Showing posts with label writing. Show all posts
Showing posts with label writing. Show all posts

Thursday, October 1, 2020

Writing to Music


I write to music, as I suspect many others do, too, and perhaps not just writers but anybody at an office, garage, warehouse, etc. where the drudgery of the day needs a little relief. Recently classical music has taken over for my standard go-to jazz or rock categories. In particular, my charmer introduced me to Erik Satie's "Gnossienne no. 1" which is a moody, gorgeous composition. This particular piece plays as the soundtrack in my mind when I think of the gothic poem "The Long Return" that I wrote about a missing person.

What is your preferred musical inspiration while the job is getting done?

Tuesday, February 10, 2015

Ice Castles and Drifters

A week of shoveling out from various winter storms and building an ice castle (inspired by FROZEN of course) for my daughter. Early mornings have been spent finishing up a Gideon Miles novella and giving a new look to The Drifter Detective series.

2/12/15 update: And STILL more white fluff ahead which makes my three-year-old pleased because her castle is becoming quite elaborate and now includes an opening at the top. She crawls up and sits on the snow-packed roof and surveys her vast kingdom which includes a nearby bird feeder and her grandpa plowing the road. And just checking Amazon all the Drifter Detective titles have been reorganized. I do like the new look. Hopefully it kicks the series in gear.

Saturday, December 29, 2012

Looking Ahead to 2013

Fatherhood
To encourage my daughter more in the creative department. We do well, but we can always do better. She loves to draw, color, and create structures with her toddler construction set pieces. Secondly, to continue her love of reading. She has now memorized a large number of her books, and as she turns the pages, she ‘reads’ aloud to herself. Priceless as they say. Btw one of her current favorites is The Little Mouse, the Red Ripe Strawberry, and the Big Hungry Bear by Don and Audrey Wood with beautiful illustrations by Don Wood.

Writing
I’ll probably stay in the hardboiled western arena but branch out with some new characters. The Lawyer, featured in the anthology Protectors, comes to mind, as well as the vivacious daughter of Cash Laramie, Veranda Jane. I also have a couple of crime fiction stories to complete.

Beer
Considering switching from Corona to Yuengling but I’ll never pass on Sam Adams Summer Ale during the warm months. Any other suggestions?

Publishing
BEAT to a PULP has books from Thomas Pluck, Heath Lowrance, Wayne D. Dundee, and many more lined up. First out of the gate will be Chad Eagleton with a continuation of A RIP THROUGH TIME, followed by Hardboiled 2 which is currently under the careful editing eye of Scott D. Parker.

Connections
Post more Charles Bukowski-style ramblings on Blogger. Give some love to Google+ by posting some short-short stories. Continue on as I am annoying folks on Twitter. Upload more personal photos to Pinterest. And, maybe, add Instagram to the list. Don’t know why, but since all my friends are doing it … “If they jumped off a cliff, would you?” as Mom would have said.

Maine
Somehow find my way back to the beauty and serenity of The Way Life Should Be state. Win, lose, or draw.

Reading
To read more non-fiction: political science and history and art. I have the genre department nailed down.

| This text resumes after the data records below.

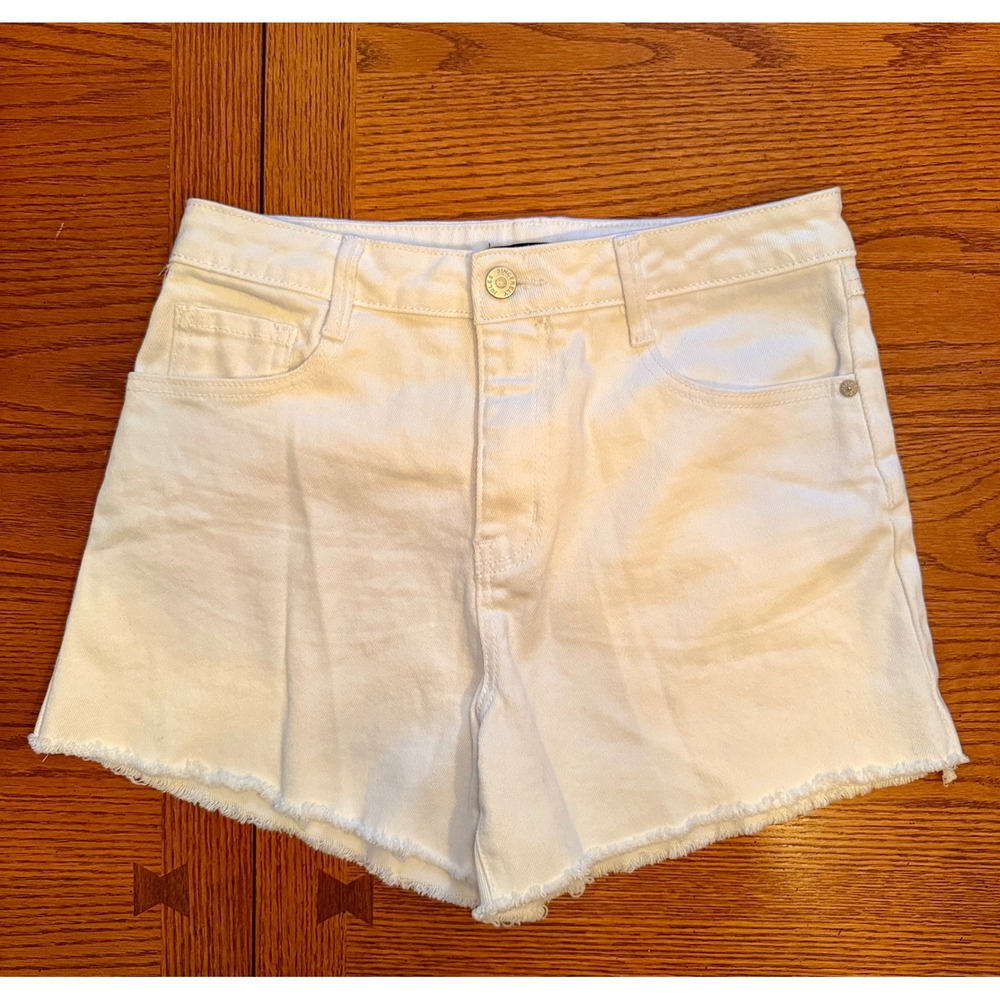 Sincerely Jules Denim Shorts 7/28 White Raw Hem High Rise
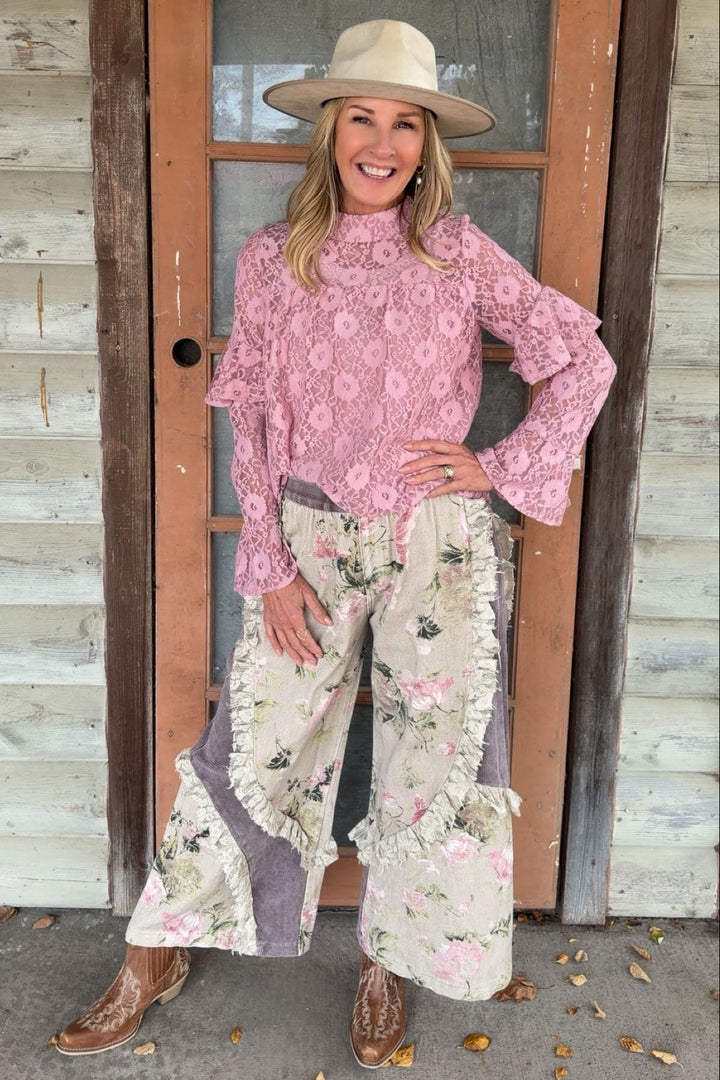 Enchanted Floral Plum Pants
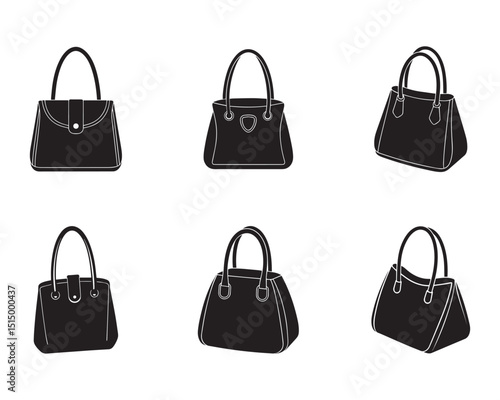 handbag sketch icon silhouette vector Collection of six black and white tote bags with different designs and handle styles illustrated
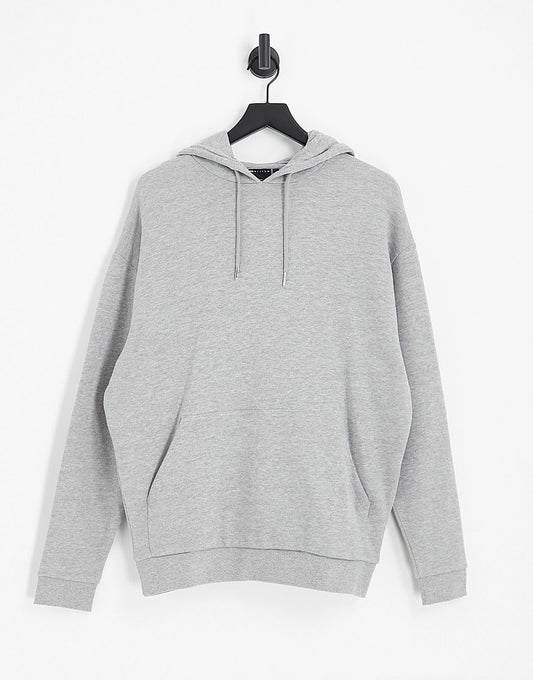 ASOS DESIGN oversized hoodie in grey marl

And, most importantly, lose no more than three pounds. How about you? What are your plans for 2013?

Sunday, June 3, 2012

Writing and Publishing Updates

I’ve got some writing and publishing updates that are mostly Western related, hence the doodle by my buddy William E.

First up: Cash Laramie and Gideon Miles will return in a story titled “Legends.” This one, co-written with Chuck Tyrell, has our heroes in 1920s New Orleans as a sequel to “The Wicked.” "Legends" will be in the upcoming issue of Pulp Modern edited by Alec Cizak. Mr. Cizak is planning to have the third issue out in a few weeks.

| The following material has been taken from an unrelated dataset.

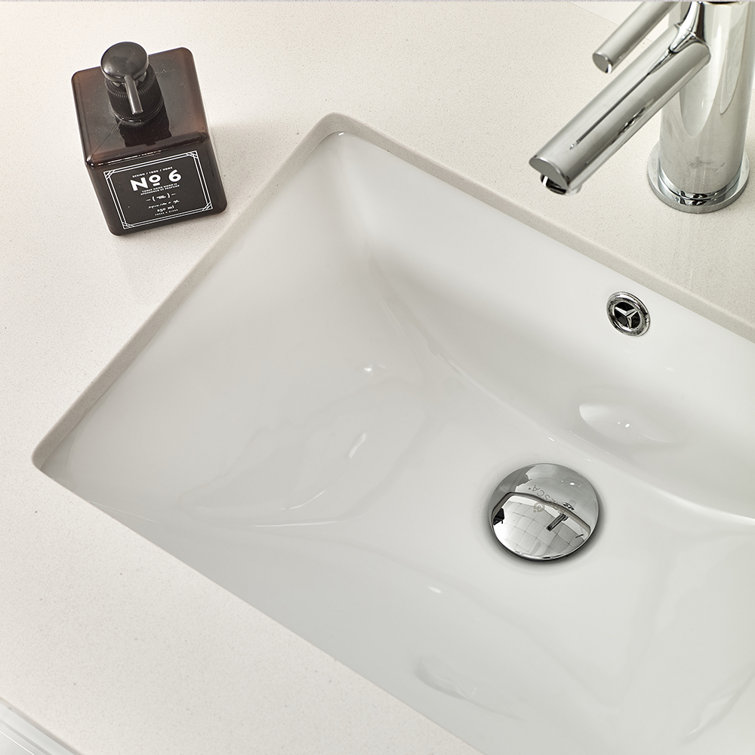 White Quartz Stone Wall Mounted Vanity Set with Medicine Cabinet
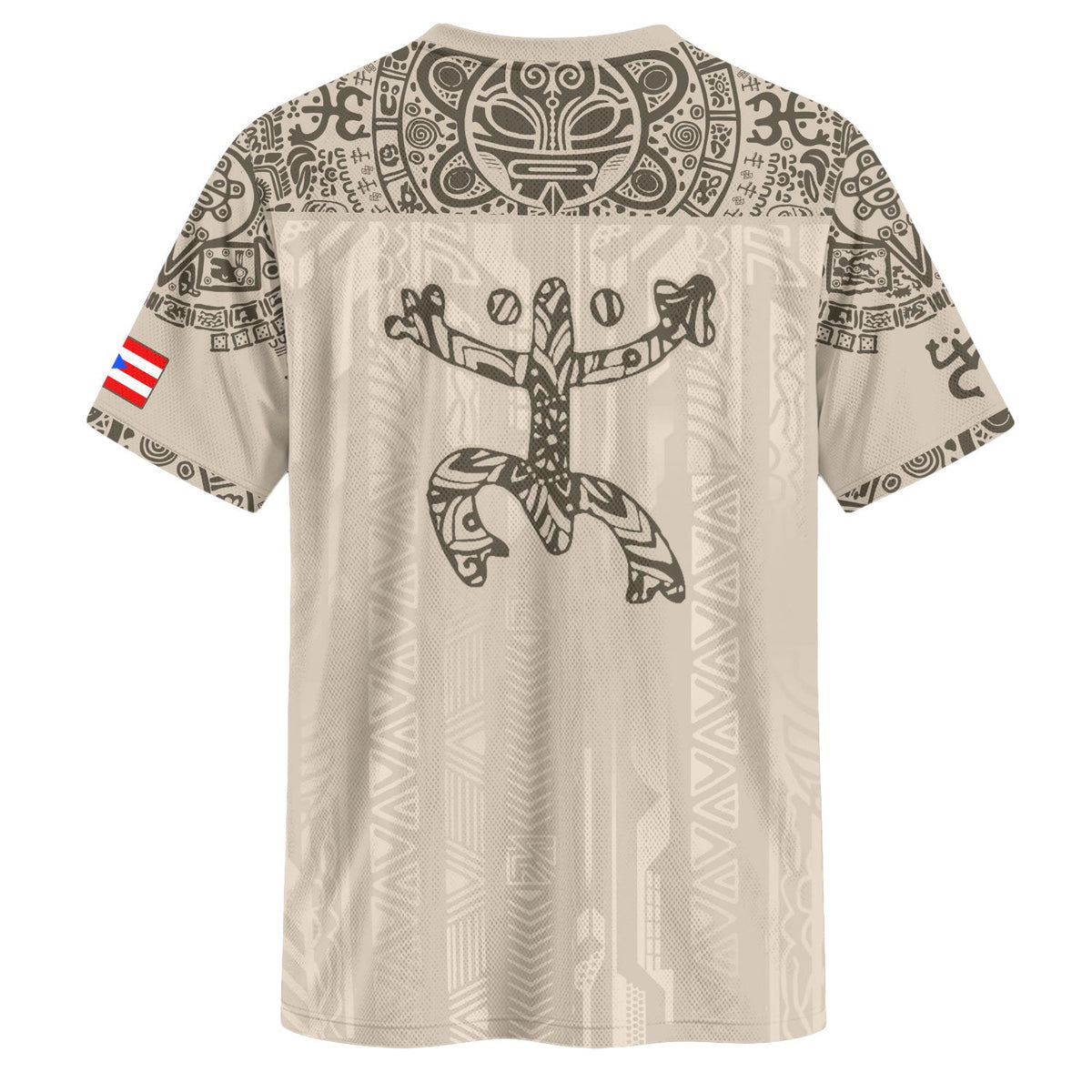 Coqui Frog Beige Gold Puerto Rico Soccer Jersey for Men and Women, Garita Floral Taino Sun, Top Puerto Rico Jersey and Puerto Rico Shirt, Northryn Co.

I received a most welcomed email from Wayne D. Dundee who wrote to say he’s started his second Cash Laramie novel. He recently made an inspirational visit to the Vedauwoo Rocks area of Wyoming where a stellar plot for the new novel will take place. It sounds like a serious rival for Manhunter’s Mountain. By the way, Mountain is still riding high on the Western chart and showing considerable determination on the hardboiled chart. Thanks, Wayne!

BEAT to a PULP: Round Two is still in the eBook works. We’re hoping it will be available later this week.

Also coming up soon is an eBook collection of mine called The Education of a Pulp Writer: 10 Crime Short Stories.

Never slow down and you never grow old, right?

That’s it for me. What are you up to?

Thursday, June 2, 2011

Busy Week Part 1

It's been a busy week around the Cranmer homestead. Ava is eating very milky rice cereal from a spoon and rolling over with a little help from daddy. She has mastered the art of flirting when she doesn’t want to be somewhere and knows the old softy will pick her up. She finds it works on her mother as well. We’re so in trouble!

Little d, aka my charmer, is working on some images for Adventures of Cash Laramie and Gideon Miles noir western collection I have coming out in the next few weeks. I found a fine artist who drew Cash, Miles, and Kid Eddie. I have decided this will be an eBook consisting of seven stories, two of them being brand-spanking new, all for 99 cents.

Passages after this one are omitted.